South Africa's Discovery Health, one of the country's biggest health insurers, has just briefed the public on the results of its latest study, and it's findings aren't exactly a surprise. While the omicron variant, first discovered in South Africa, is efficient at surpassing protections afforded by the Pfizer and Moderna vaccines, the Discovery data showed that Pfizer's jab is actually 70% effective at reducing hospitalizations.
That might help explain why the omicron variant has coincided with a surge in cases in South Africa, even while the number of hospitalizations and the number of deaths have declined.
The protection is maintained across age groups and in the face of a range of chronic illnesses, said Ryan Noach, the CEO of Discovery Health, during a briefing Tuesday. All told, a course of Pfizer jabs conveys protection of approximately 33% against infection by the omicron variant, according to Bloomberg.
The Discovery study included about 78K COVID test results for omicron infections from Nov. 15 to Dec. 7 in South Africa, the epicenter of the current omicron wave. Clinical records, vaccination records and pathology test results were also examined.
Prior to omicron, the Pfizer vaccine provided Discovery Health’s clients with 93% protection against hospitalization (although many have also raised questions about that number).
So far, as cases continue to climb, hospitalizations are a fraction of what they were during South Africa's delta wave; meanwhile, deaths haven't budged much.
Both Discovery and Glenda Gray, the chief executive of the South African Medical Research Council, cautioned that the lack of severe cases and deaths could be a result of the high number of infections in South Africa. In some parts of the country, 80% of the population has already been infected.
Discovery's data also showed that omicron is causing less respiratory distress than delta. Symptoms of the new variant include a scratchy throat, congestion and lower back pain, and illnesses generally last three days or less.

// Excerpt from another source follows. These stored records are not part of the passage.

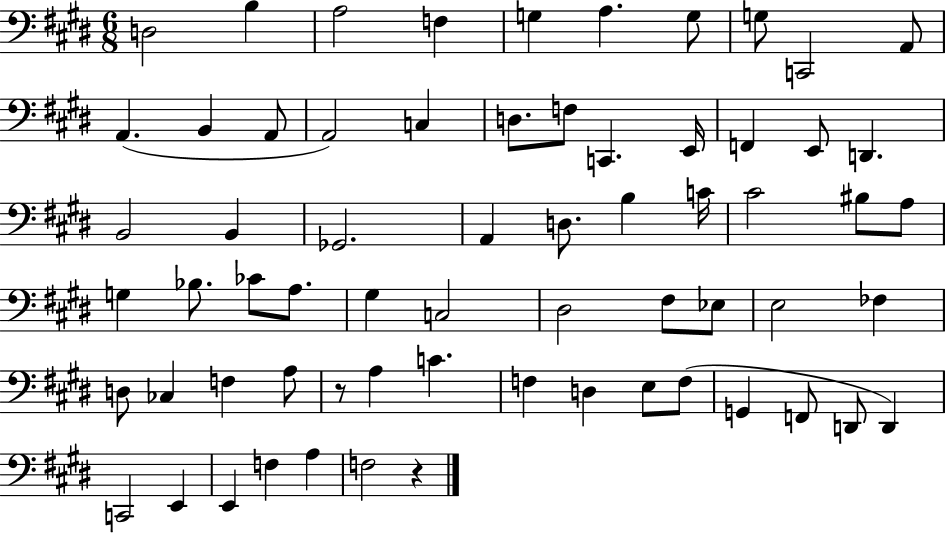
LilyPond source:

{
  \clef bass
  \numericTimeSignature
  \time 6/8
  \key e \major
  \repeat volta 2 { d2 b4 | a2 f4 | g4 a4. g8 | g8 c,2 a,8 | \break a,4.( b,4 a,8 | a,2) c4 | d8. f8 c,4. e,16 | f,4 e,8 d,4. | \break b,2 b,4 | ges,2. | a,4 d8. b4 c'16 | cis'2 bis8 a8 | \break g4 bes8. ces'8 a8. | gis4 c2 | dis2 fis8 ees8 | e2 fes4 | \break d8 ces4 f4 a8 | r8 a4 c'4. | f4 d4 e8 f8( | g,4 f,8 d,8 d,4) | \break c,2 e,4 | e,4 f4 a4 | f2 r4 | } \bar "|."
}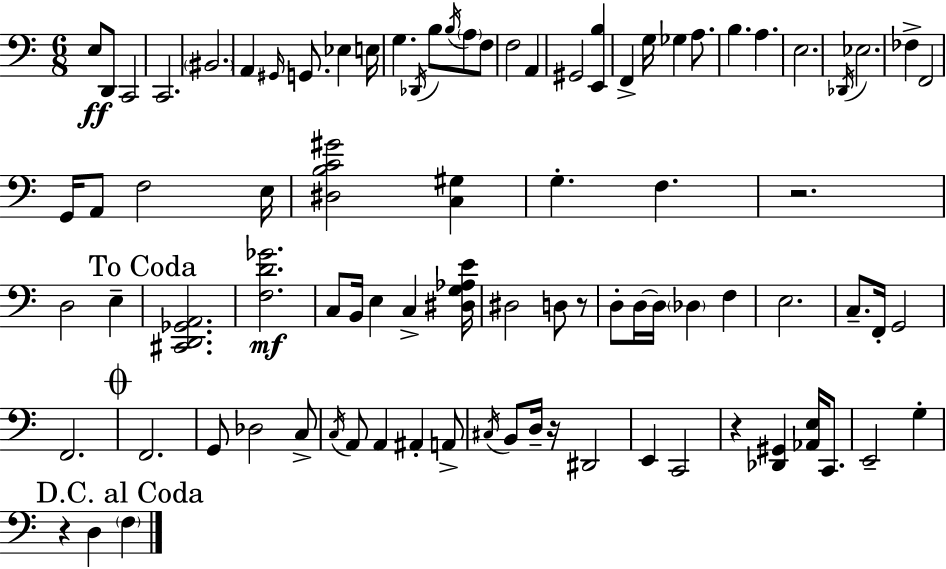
{
  \clef bass
  \numericTimeSignature
  \time 6/8
  \key a \minor
  \repeat volta 2 { e8\ff d,8 c,2 | c,2. | \parenthesize bis,2. | a,4 \grace { gis,16 } g,8. ees4 | \break e16 g4. \acciaccatura { des,16 } b8 \acciaccatura { b16 } \parenthesize a8 | f8 f2 a,4 | gis,2 <e, b>4 | f,4-> g16 ges4 | \break a8. b4. a4. | e2. | \acciaccatura { des,16 } ees2. | fes4-> f,2 | \break g,16 a,8 f2 | e16 <dis b c' gis'>2 | <c gis>4 g4.-. f4. | r2. | \break d2 | e4-- \mark "To Coda" <cis, d, ges, a,>2. | <f d' ges'>2.\mf | c8 b,16 e4 c4-> | \break <dis g aes e'>16 dis2 | d8 r8 d8-. d16~~ d16 \parenthesize des4 | f4 e2. | c8.-- f,16-. g,2 | \break f,2. | \mark \markup { \musicglyph "scripts.coda" } f,2. | g,8 des2 | c8-> \acciaccatura { c16 } a,8 a,4 ais,4-. | \break a,8-> \acciaccatura { cis16 } b,8 d16-- r16 dis,2 | e,4 c,2 | r4 <des, gis,>4 | <aes, e>16 c,8. e,2-- | \break g4-. \mark "D.C. al Coda" r4 d4 | \parenthesize f4 } \bar "|."
}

Updated normalised cases, admissions and deaths for Gauteng. Signs of decoupling continues. Suggests immunity from prior infections and/or vaccinations are providing some protection from severe COVID19 disease. Don't interpret as decreased virulence of Omicron. pic.twitter.com/6AyuwkqsEk— Harry Moultrie (@hivepi) December 14, 2021
While evidence of increased virulence might create peace of mind for some, the South African Medical Research Council's Glenda Gray cautioned workers not to slack off just because omicron appears to be 'less virulent.'
Finally, the Discovery study echoes the initial findings of three other hospital group studies released in recent weeks. In the bulk of cases, COVID patients don’t need oxygen or intensive treatment for the illness. Scientists are still conducting scores of tests in order to get a better grasp of omicron’s risks, and how significant they are will only be known in coming weeks.